Maria Holic Alive - Actualité anime

Critique de l'anime : Maria Holic Alive

Publiée le Jeudi, 03 Septembre 2015

Maria Holic Alive – Chère Mère qui êtes au Paradis…

La suite est un exercice commun dans la japanimation. Nombreuses sont les raisons qui peuvent pousser un studio à poursuivre quelques saisons plus tard un anime : succès critique et public, avancées scénaristiques suffisantes des œuvres originales, avancements financiers importants des diffuseurs souhaitant rentabiliser une licence qu’ils ont payée cher… Maria Holic Alive rentrerait plutôt dans la première catégorie.

Diffusée pendant l’hiver 2009, la série Maria Holic avait reçu un très bon accueil avec son scénario original, ses personnages attachants, son esthétique particulière et son humour ravageur. Notons par ailleurs que cette saison hivernale 2009 était marquée par un manque flagrant de blockbusters, si l’on excepte Clannad After Story. Ceci explique peut-être cela. Mais finalement, de quoi est-ce que ça parlait, Maria Holic ?

Maria Holic Begins

Maria Holic est à la base un manga de Minari Endô, mangaka plutôt spécialisée dans le josei comédie romantique conventionnelle, eût égard à sa bibliographie : Hatenkô Yûgi et Kuria Kuoria. Maria Holic, son manga à succès, prend un peu le principe de ce genre à contrepied.

On suit Kanako, une lycéenne transférée dans une classe de deuxième année (l’équivalent de la première chez nous) du très huppé lycée/pensionnat pour filles Ame no Kisaki.
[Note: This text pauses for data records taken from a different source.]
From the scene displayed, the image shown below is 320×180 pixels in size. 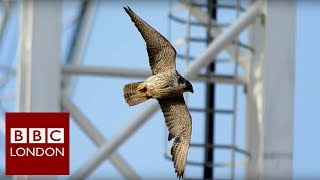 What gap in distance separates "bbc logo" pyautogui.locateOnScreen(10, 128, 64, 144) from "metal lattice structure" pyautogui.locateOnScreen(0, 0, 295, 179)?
3.62ft

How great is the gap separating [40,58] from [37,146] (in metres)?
1.67

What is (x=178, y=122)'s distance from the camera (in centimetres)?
1148

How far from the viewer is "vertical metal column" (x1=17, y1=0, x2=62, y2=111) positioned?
52.2 feet

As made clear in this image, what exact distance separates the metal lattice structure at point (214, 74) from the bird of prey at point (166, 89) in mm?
4517

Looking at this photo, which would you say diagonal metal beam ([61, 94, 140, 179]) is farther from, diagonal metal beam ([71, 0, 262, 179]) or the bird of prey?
the bird of prey

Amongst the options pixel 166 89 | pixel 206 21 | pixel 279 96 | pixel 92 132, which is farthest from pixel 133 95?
pixel 206 21

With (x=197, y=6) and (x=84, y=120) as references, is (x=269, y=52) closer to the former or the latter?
(x=197, y=6)

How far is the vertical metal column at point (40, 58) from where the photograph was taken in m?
15.9

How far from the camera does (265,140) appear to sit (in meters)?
16.6

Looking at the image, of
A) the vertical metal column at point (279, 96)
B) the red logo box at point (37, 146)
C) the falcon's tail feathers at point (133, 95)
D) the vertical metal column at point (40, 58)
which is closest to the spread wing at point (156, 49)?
the falcon's tail feathers at point (133, 95)

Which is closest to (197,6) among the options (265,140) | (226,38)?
Answer: (226,38)

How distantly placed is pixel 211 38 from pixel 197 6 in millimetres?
681

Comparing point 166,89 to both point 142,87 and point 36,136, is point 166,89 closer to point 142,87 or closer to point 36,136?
point 142,87

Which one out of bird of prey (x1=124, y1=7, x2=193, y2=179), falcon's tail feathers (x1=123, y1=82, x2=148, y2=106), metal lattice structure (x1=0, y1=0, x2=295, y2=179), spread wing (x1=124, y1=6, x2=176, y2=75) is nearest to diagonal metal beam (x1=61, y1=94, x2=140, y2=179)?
metal lattice structure (x1=0, y1=0, x2=295, y2=179)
Pourquoi ? Parce que c’est dans cet établissement que se sont rencontrés le père et la défunte mère de l’héroïne (le père était professeur, la mère son élève – à l’époque, les règles de vie entre prof et élève semblaient moins strictes). De belles et pures intentions, n’est-ce pas ? Seulement, l’entrée de Kanako dans cet établissement ne serait rien si elle n’avait pas quelque idée tordue derrière la tête. En fait, notre amie est lesbienne, et peu discrète quant à son orientation sexuelle, et compte bien séduire les jeunes et jolies lycéennes qui peuplent la cour de l’institut pour constituer son harem.

Heureuse et pétrie d’idées perverses, Kanako pense avoir fait une première prise en la personne de Mariya, blondinette à couettes tout à fait charmante. Sauf que… Mariya s’avère être un garçon, petit-fils de l’actuelle présidente de Ame no Kisaki. Il doit se faire passer pour une fille et effectuer toute sa scolarité sans que personne ne se rende compte de son véritable sexe, sinon quoi il n’héritera pas du poste de président… Tordu, mais plutôt inventif.

Forcément, Kanako découvre rapidement le pot aux roses – à l’instar de Yukinari de Girls Bravo, elle souffre d’éruption cutanée dès qu’un membre du sexe opposé la touche. Mariya va donc être contraint(e) de garder un œil sur l’opportune, au lycée comme dans le pensionnat. S’en suivent les péripéties usuelles allant de quiproquos en confusions, le tout assaisonné de coïncidences malencontreuses et autres.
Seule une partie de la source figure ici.